La Mauricie a besoin d’une Sonia LeBel

Dans son éditorial du 5 avril dernier, Martin Francoeur dépeint notre région comme un important champ de bataille de l’élection provinciale du 1er octobre prochain. Il avance que la Coalition Avenir Québec de François Legault espère faire des gains importants ici et qu’elle risque de nous présenter des candidatures de prestige.

Parmi les noms souvent évoqués, il y a celui de Me Sonia LeBel, qui s’est fait connaître comme procureure en chef de la Commission Charbonneau. Celle qui a livré quotidiennement une bataille féroce contre les stratagèmes de corruption et de collusion dévoilés dans les dernières années pourrait en effet devenir une politicienne de premier plan au Québec.

Or, alors qu’on nous indique que Mme LeBel est en réflexion actuellement au sujet de la région où elle pourrait se présenter candidate aux élections, certaines personnes ont avancé que le fait qu’elle ne provienne pas dans la région la disqualifie pour une candidature chez nous. Je considère que ces affirmations témoignent d’une mentalité de clochers. Les exemples de villes qui ont accueilli à bras ouverts un politicien provenant d’une autre région sont pourtant nombreux.

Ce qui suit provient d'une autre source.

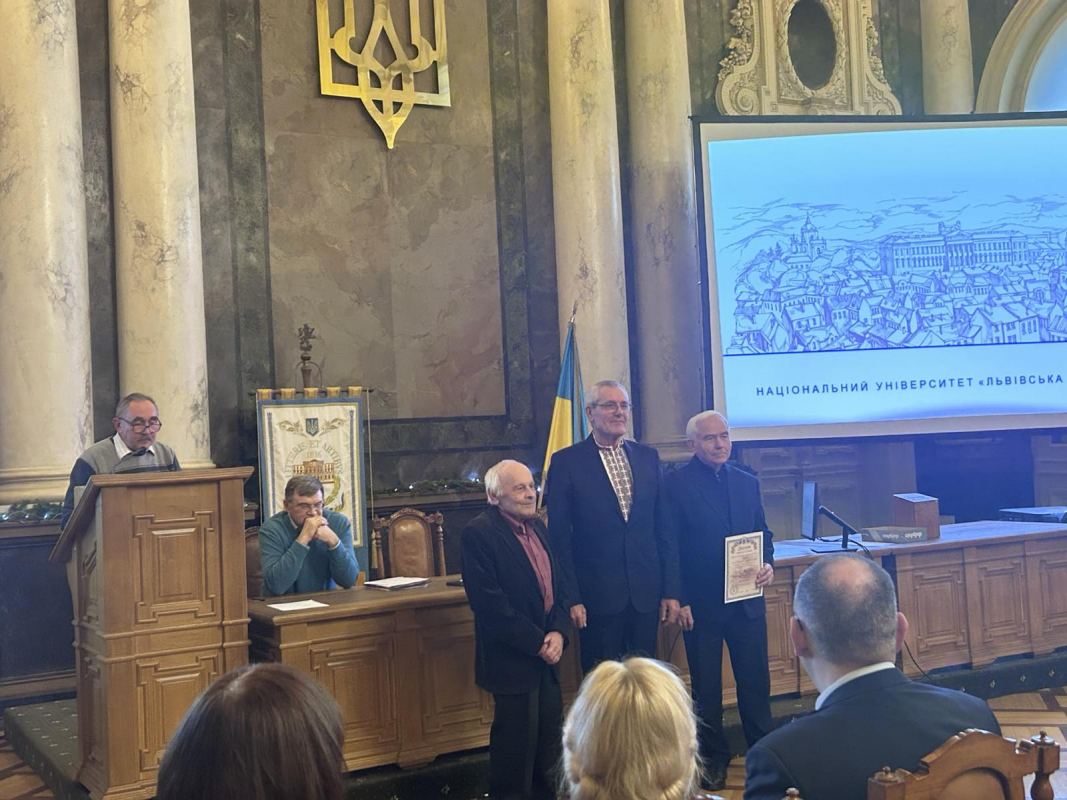 Фото з нагородження переможців конкурсу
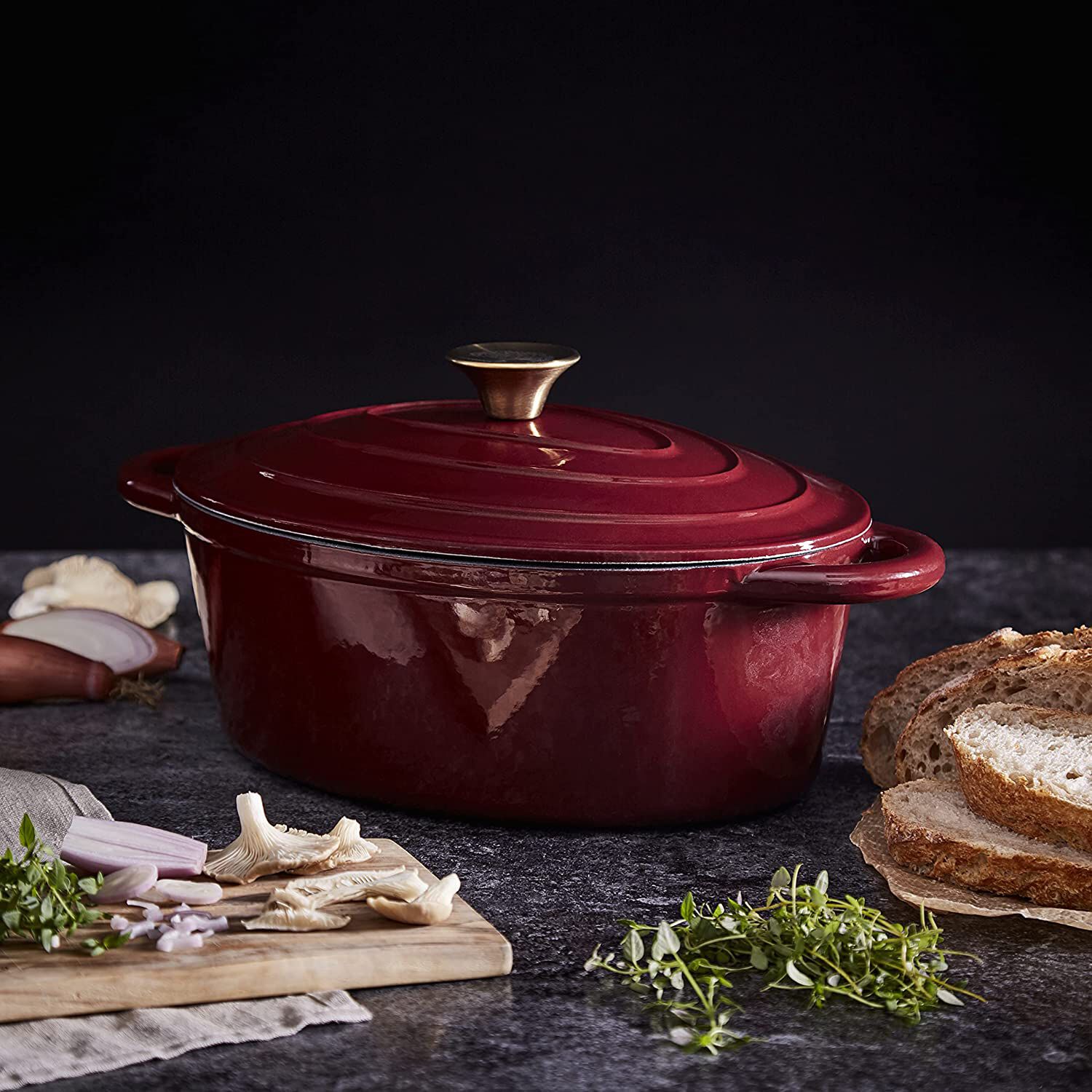 Barbary & Oak Cast Iron Red 3L Oval Casserole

L’exemple le plus frappant est probablement celui de Sébastien Proulx, un gars de chez nous, qui s’est fait élire à Québec et est devenu ministre responsable de la Capitale-Nationale. Le premier ministre du Québec lui-même, Philippe Couillard, a été député dans trois régions différentes, soit Montréal, Québec et le Saguenay–Lac-Saint-Jean. On pourrait aussi parler de Martin Coiteux, ministre responsable de la ville de Montréal, mais qui est originaire de Sorel-Tracy. Ces personnes servent bien les intérêts de leurs régions d’accueil. Et je n’ai vu personne dans ces régions les critiquer parce qu’ils ne sont pas originaires de la place. Pourquoi est-ce que ce serait différent chez nous, en Mauricie?

Comme le souligne à juste titre Martin Francoeur, des candidatures comme celles de Sonia LeBel pourraient donner à la Mauricie un poids politique important dans un éventuel gouvernement Legault. Sous le gouvernement libéral, la région a pu bénéficier d’avoir une politicienne locale comme Julie Boulet dans le conseil des ministres. Si les sondages se concrétisent, le Québec pourrait être dirigé par un gouvernement caquiste dans les prochaines années. Il est évident que dans une telle éventualité, Sonia LeBel jouerait un rôle de premier plan au conseil des ministres avec un poste clé. Si cette dernière décidait de se présenter en Mauricie, comme les rumeurs le veulent, j’espère que nous saurons démontrer à tout le Québec que notre région aussi sait accueillir les gens de qualité à bras ouverts.